Well you got the shaft out, mark it and then pull the slip splines apart. Grease the splines thoroughly and reassemble (simply greasing through the grease nipple is not effective at evenly greasing the entire length of the splines and over greasing can hydraulically lock your shaft solid which will then damage your diffs internal crush sleeve when the suspension cycles). Once the splines are properly greased and reassembled if you notice any improvement, it will further prove the problem is the poor shaft angles and not output bearing.
 
I just called a mob that sell these dc shafts, there not cheap, I need to provide measurements etc so he can quote me correctly

Did you get full new shaft or just put the new dc uni joint onto existing shaft.
I actually read your thread on the subject prior to you chipping in, so it's good you picked this up to clarify, much appreciated.
My other option is to remove air bags from Oldtoy, then who knows how my ride would feel then with the untried existing springs, either way it's still a cost my wife will not endorse in hurry.
I have exhausted my " asking for forgiveness as opposed to asking for permission"
 
I replaced the entire shaft. If youve got the noise youve already got wear in the splines and adding a DC joint will not completely fix the problem.

I also had them use cross over flanges that mate the Toyota flanges to spicer U-joints. Two reasons for this; price and availibility. A Toyota DC joint is going to be a lot more expensive and Spicer U-joints are available every where.

I used 1310 Spicer sealed U-joints. Because they are not cross drilled for grease passages they are much stronger. I chose 1310's to ensure clearance of the DC joint on the stock transmission cross member. 1330 or even 1350 could be used on the diff end but I wanted them all the same

No DC shafts are not cheap but prices can vary greatly. Pats Driveline (Quality Gear) in Lethbridge AB quoted me $1500 just to add a DC joint to my shaft. Extreme Driveline in Red Deer AB, built me a brand new shaft including crossover flanges for under $700.

Places down south like Tom Woods could do it even cheaper but I didnt want to order long distance and risk screwing up the measurements
 
Yup it all depends how you use your truck. If you only lock the hubs when you hit the trail a few times a month then a stock shaft will last a long time.
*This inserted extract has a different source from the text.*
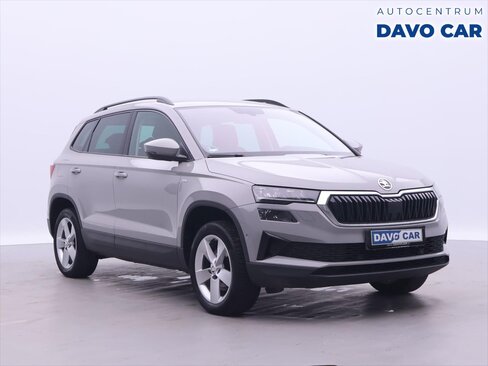 Škoda Karoq SUV / Terénní 2,0 l 110 kw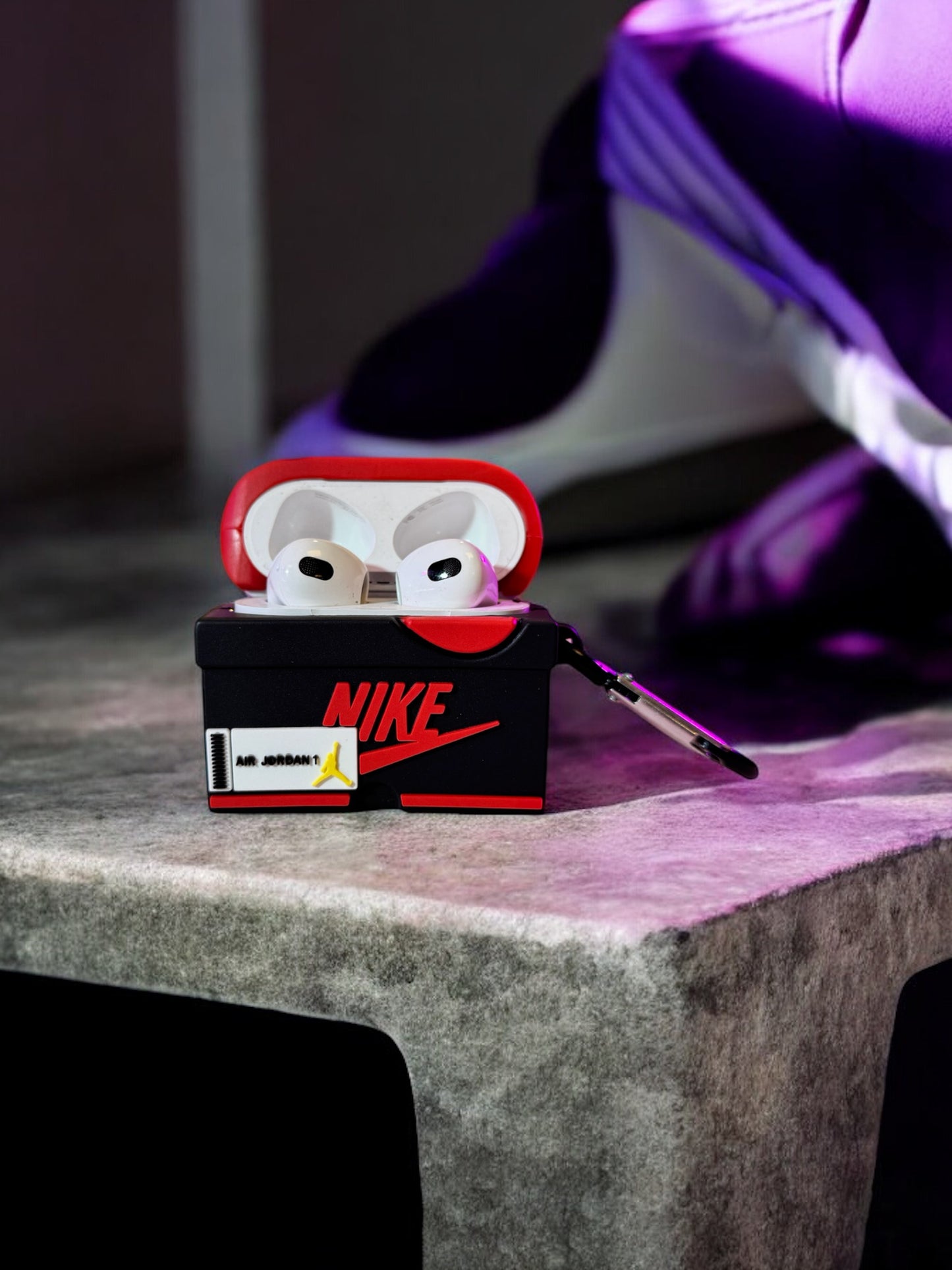 Protector para Airpods Serie 3 Animado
If you daily drive in winter in Canada and rely on 4hi for safety then the DC shaft is the only way to go!!
 
Before you start spending money , have you tried greasing the splines? And do you know for sure the grease is reaching the splines?
I use to get a growl from the front and thats what it was.

EDIT i see someone has already suggested it
 
In that case I would suspect the front transfer output bearing.
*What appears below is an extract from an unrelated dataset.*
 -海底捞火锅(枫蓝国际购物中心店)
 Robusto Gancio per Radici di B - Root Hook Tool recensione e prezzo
Common issue this, there are no shims on the front output shaft unlike the rear output, so no adjustment. Its made worse after a lift, a combination of worn parts right thru from the front axles, diff, uni-joints, slip yokes, wrong tail shaft angle and finally the output shaft bearing, also the needle bearing in the t-case also allows play.

This all adds to that GRRRRRRRRR you get when you lift your foot off in H4, there will always be a little play in the front output shaft.
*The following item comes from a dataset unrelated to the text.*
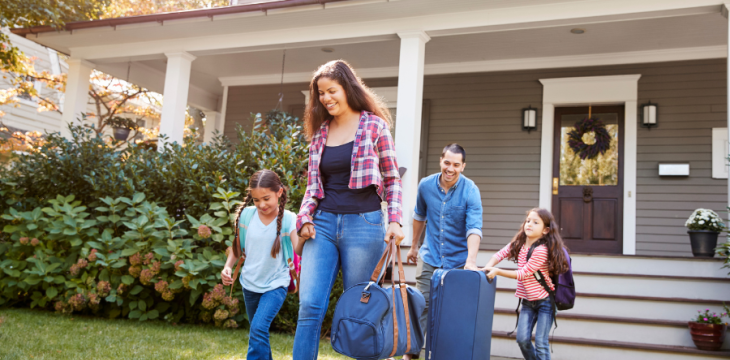 Casa segura: 10 dicas para viajar tranquilo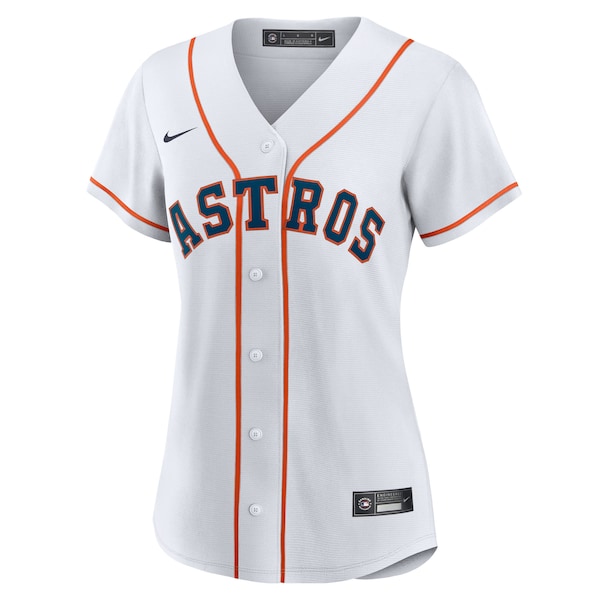 Christian Walker Houston Astros Nike Women's Home Replica Jersey - White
Seen this on fully rebuilt boxes also, tell tail sign of a worn front output shaft is a weeping oil seal. To test take your front tail shaft off and see how much movement is in the shaft, also check the flange nut is not loose as well?

Replace the oil seal with a OEM one as they are the best to use? but like other forum members have said your angles need to be spot on and check your spline is not over packed with grease?